Die Eltern, beide Nachfahren jüdischer Einwanderer aus Osteuropa, gehörten zum britischen Rockadel der 70er-Jahre und waren bestens in der Londoner Musikszene vernetzt. Mutter Ann Cecilia Dexter lernte mit 27 Jahren den Immobilienerben und Bandmanager Laurence Meredith Ronson kennen. Heirat 1974, ein Jahr danach kam Sohn Mark auf die Welt, im August 1977 Charlotte und Samantha. Die Ronsons wohnten zwar im feinen Stadtteil St John's Wood, doch zu Hause ging es eher turbulent zu: Die Ronsons feierten legendäre Dinnerpartys mit Gästen wie David Bowie, Keith Richards oder Mick Jagger. Nicht immer, wenn die Kleinen am nächsten Morgen in den Kindergarten mussten, hatten sich die Gäste bereits verabschiedet. Paul und Linda McCartney wohnten drei Türen weiter, und The-Who-Drummer Keith Moon, ein Dauergast, wollte dem zweijährigen Mark das Schlagzeugspielen beibringen.
Andy Warhol und Bruce Springsteen zählten zu ihren Lehrmeistern
Dazu kam es leider nicht mehr - Moon starb an einer Überdosis Drogen, als Mark drei Jahre alt war. "Keith war ziemlich exzessiv, aber keiner von uns war damals heilig", erinnert sich Mutter Ann. Anfang der 80er Jahre ließen sich die Ronsons dann scheiden, Ann lernte den Foreigner-Frontman Mick Jones kennen (für sie schrieb er den Hit "I Wanna Know What Love Is") und zog mit den Kids nach New York. Sie heiratete Jones und bekam mit ihm einen Sohn und eine Tochter. Alexander und Annabelle sind heute 23 und 21 Jahre alt. Ann Jones, umtriebig wie zu Londoner Zeiten, nutzte ihre guten Kontakte und schrieb als Gesellschaftsreporterin für "Hampton's Country" und "Town and Country". Außerdem organisierte sie wieder ihre glamourösen Dinner, nur diesmal in ihrer New Yorker Luxuswohnung am Central Park.
Die Ronson-Party ging weiter: Andy Warhol lehrte die Kleinen alles über Kunst, Bruce Springsteen leerte den Kühlschrank während einer nächtlichen Heißhungerattacke. Schauspieler Robin Williams stand eines Nachts völlig zugekokst im Kinderzimmer von Mark und starrte aus dem Fenster, weil er sich verfolgt fühlte. Die Ronson-Sprösslinge erlebten alles andere als eine konventionelle Kindheit. Sie besuchten die besten Privatschulen Manhattans und prallten dort auf den Nachwuchs der Rock-Elite: Liv Taylor und Sean Lennon gehörten zu Marks besten Jugendfreunden. "Das alles hört sich sehr nach Bohème und Rock'n'Roll an", sagt Charlotte Ronson. "Aber unsere Mutter war oft auch superstreng, zudem hatten wir eine sehr prinzipientreue britische Nanny."

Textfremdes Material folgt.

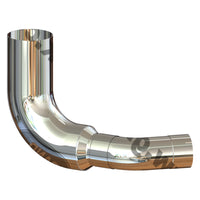Grand Rock - Kenworth 7" 2-Bend O.D. Reduced to 5" I.D. Chrome Exhaust Pipe (Right)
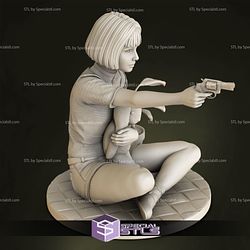 Mathilda 3D Print Sitting from L�on STL Files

"Mein Spitzname war Mommy Dearest", sagt die inzwischen wieder geschiedene Ann Dexter-Jones, wenn man sie auf ihre strenge, gleichzeitig aber fürsorgliche Erziehung anspricht. Beinahe stolz klingt es, als sie beichtet, dass sie Mark heimlich auf Drogen untersuchen ließ, weil sie ihm nicht glaubte, dass er als Teenager tatsächlich unter Angstattacken litt. Oder dass sie das Haustürschloss auswechseln ließ, als ihr Sohn ein einziges Mal ausbüchste und bei Sean Lennon Unterschlupf fand. Womöglich ist es gerade ihr turbulenter Background, der Mark, Samantha und Charlotte Ronson vor Abstürzen bewahrt und davor schützt, sich bei den Britneys, Robbies oder Amys dieser Welt einzureihen. Wie könnten sie das, was sie miterlebt haben, auch toppen? Bessere Frage noch: Warum sollten sie? Dann doch lieber fasten an Jom Kippur. So etwas sorgt in ihrer Branche ohnehin für mehr Aufmerksamkeit als jeder Drogenabsturz.